[SUPPLIED DATA Boundary: Start]

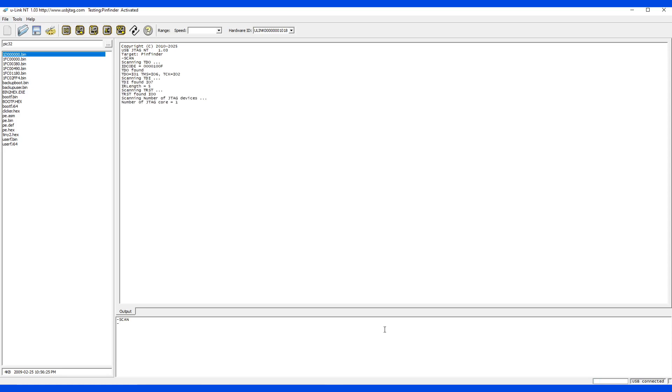The most difficult part is to scan the TDO, and if TDO happened to be at the beginning of the pins, like pin zero and pin one, then the scanning process will be much faster. If the pin TDO is on pin seven, then it may take like 10, 15 seconds.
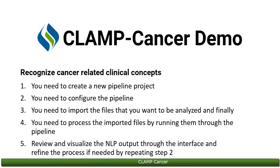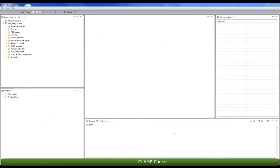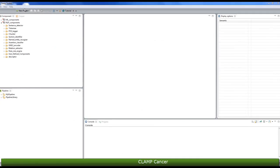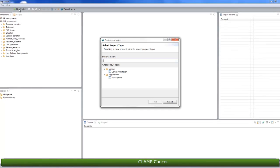Let's focus on the first step, creating a new pipeline. To do that, first click on the plus sign at the top left corner of the screen. On the pop-up window, enter a name for your project. For example, cancer demo.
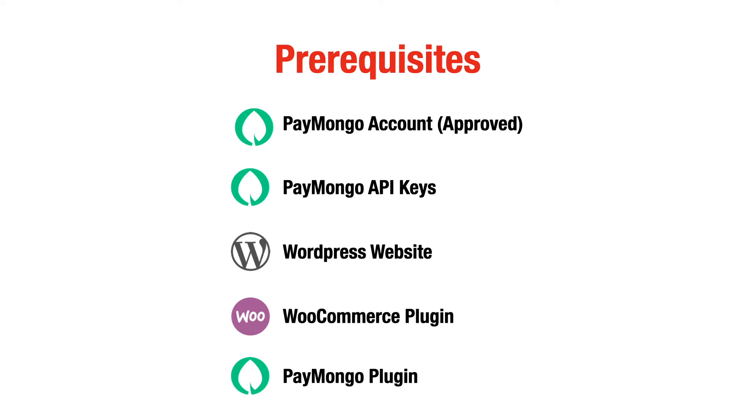Before I begin with the tutorial, I want to go through some prerequisites for making this a smooth flow and we'll be able to integrate PayMongo into WordPress smoothly.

[SUPPLIED DATA Boundary: End]

EXERCISE INSTRUCTIONS:
Every line of the material above should be repeated exactly, except for the pictures.

RESPONSE FOR THIS EXERCISE:
The most difficult part is to scan the TDO, and if TDO happened to be at the beginning of the pins, like pin zero and pin one, then the scanning process will be much faster. If the pin TDO is on pin seven, then it may take like 10, 15 seconds.
Let's focus on the first step, creating a new pipeline. To do that, first click on the plus sign at the top left corner of the screen. On the pop-up window, enter a name for your project. For example, cancer demo.
Before I begin with the tutorial, I want to go through some prerequisites for making this a smooth flow and we'll be able to integrate PayMongo into WordPress smoothly.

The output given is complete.